For a model I look back to the early Christians, who were seeking to live out their faith in a culture far more hostile and arguably more immoral than our own. We think NFL football is violent; Romans watched gladiatorial murder for sport. Abortion is bad enough; in the cruelest form of birth control, the Romans abandoned their full-term infants to wild animals. Sexual immorality? Roman brothels were legal and common, and sophisticated Romans often practiced pederasty with young slaves.

So how did the early Christians respond? As a tiny minority, they showed a watching world a different way to be human. When Romans abandoned their unwanted babies, Christians organized platoons of wet nurses to keep them alive for adoption by church families. Risking their own lives, they stayed behind to nurse plague victims whose families had fled.  (Medical missionaries are doing the same thing today, in African countries affected by the Ebola virus.)  They lived out a new standard of sexual purity.  After a while, Romans were impressed by the differences: the Christians’ beliefs and practices truly seemed like Good News.

I’m writing this from South Korea, a country with a strong minority (30 percent) of Christians who have shown me creative examples of how to dispense grace in a secular culture.
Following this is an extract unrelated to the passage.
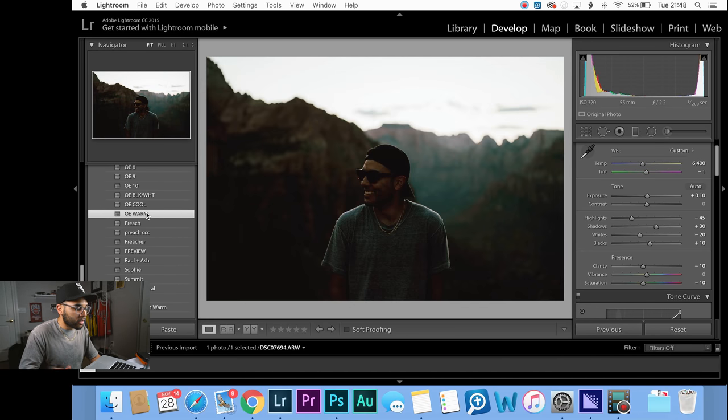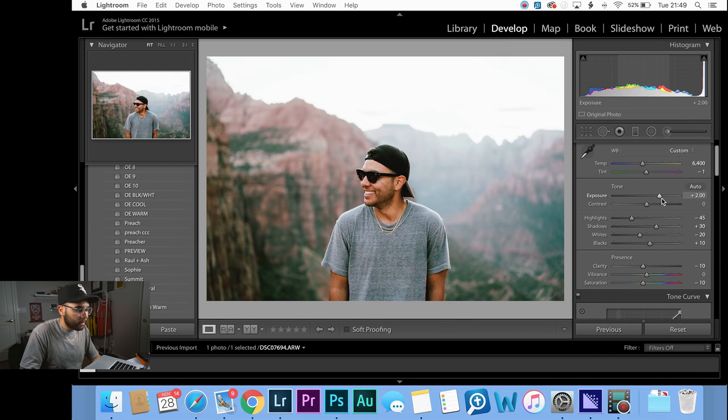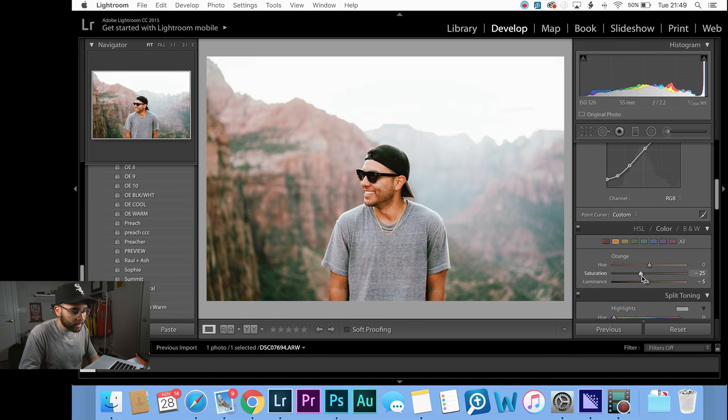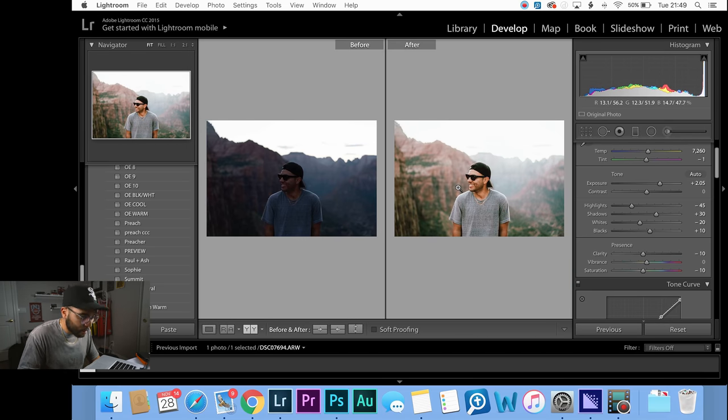Now let's throw on my warm preset. It isn't just a difference in temperature — the mountain comes out a little more on this one. You can still play with presets; I think it's a little cool so I'll bump it up. I think my skin's a little too orange so I'll hit the orange and desaturate it a little bit. And I think this is a dope image — that's why it's my profile picture.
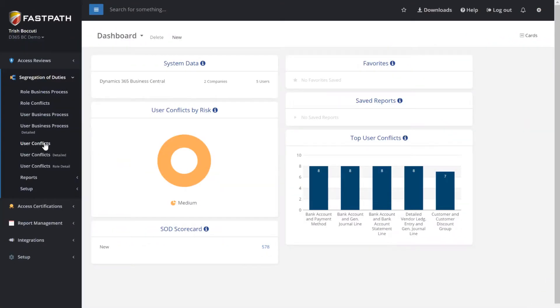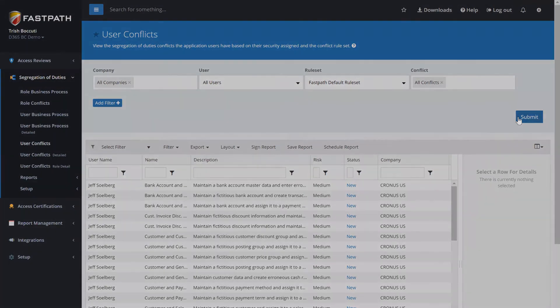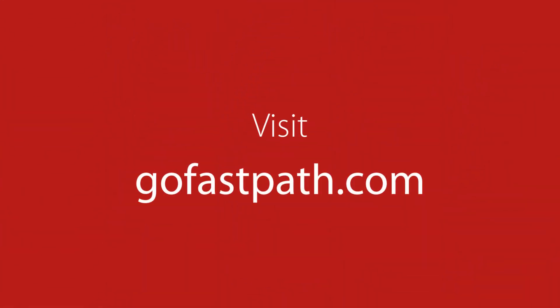All that and more is possible with FastPath Assure. Assure was designed and built by auditors for auditors, and has built-in connectors and rule sets for systems like Microsoft Dynamics 365 Business Central and others. For more information or to see a comprehensive demo, visit GoFastPath.com.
Just yesterday I toured a beautiful new school built by a church to educate refugee children from North Korea.  And today I met a remarkable pastor named Lee Jong-rak.
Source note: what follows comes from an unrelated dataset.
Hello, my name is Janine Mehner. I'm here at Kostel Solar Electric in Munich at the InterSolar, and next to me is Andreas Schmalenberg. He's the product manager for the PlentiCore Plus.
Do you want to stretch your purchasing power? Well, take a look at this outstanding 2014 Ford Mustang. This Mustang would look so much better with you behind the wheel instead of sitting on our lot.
Pastor Lee cares for a son born with crippling cerebral palsy, and it disturbed him greatly to learn that hundreds of babies born with disabilities—deafness, blindness, cerebral palsy, down syndrome—are abandoned on the streets of Seoul every year.  Unmarried women who get pregnant face a strong stigma in a shame-based culture, and many of them abandon their perfectly healthy babies as well.

In response to this social problem, Pastor Lee constructed an ingenious “baby box” in the wall of his home.  From the outside it resembles an after-hours bank deposit box, though decorated with children’s artwork.  A parent who wishes to remain anonymous can open the baby box and deposit the unwanted infant in a warm, blanketed compartment fitted with a motion sensor and an alarm.  Thus alerted, Pastor Lee or a volunteer comes to collect the baby and bring it into their bustling orphanage.
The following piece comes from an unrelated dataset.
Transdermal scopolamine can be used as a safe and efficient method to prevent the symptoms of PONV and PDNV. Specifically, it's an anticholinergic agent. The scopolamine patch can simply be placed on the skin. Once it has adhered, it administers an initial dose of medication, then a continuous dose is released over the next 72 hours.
In the last five years Pastor Lee has saved 561 babies who otherwise would have died.  More than a hundred of the newborns still had umbilical cords attached.  Along the way, Pastor Lee and his wife adopted 19 of the babies, including several with profound disabilities.

Pastor Lee’s approach of creative grace mirrors what happened in the first century, when early believers in the Roman Empire took Jesus’ agenda to heart.  The Christians organized relief projects for the poor and ransomed their friends from barbarian captors.  Some voluntarily freed their own slaves.  As I mentioned, they adopted unwanted babies and nursed the sick, including their unbelieving neighbors.

In the waning days of the empire, the watching world sat up and paid attention.  People flocked to the churches, which stood out as caring communities.  A fourth-century Roman emperor known as Julian the Apostate complained bitterly about Christians of his time: “These impious Galileans not only feed their own poor, but ours also… Whilst the pagan priests neglect the poor, the hated Galileans devote themselves to works of charity.”  His campaign against the Christians failed, and the gospel continued to spread while Roman power ebbed.

Some Christians view with alarm a modern culture that is growing increasingly secular, and perhaps even hostile. Actually, we’re simply returning to the kind of situation that confronted the early disciples of Jesus.  Like them, we’ll need to find ever more creative, and effective, ways of dispensing God’s grace.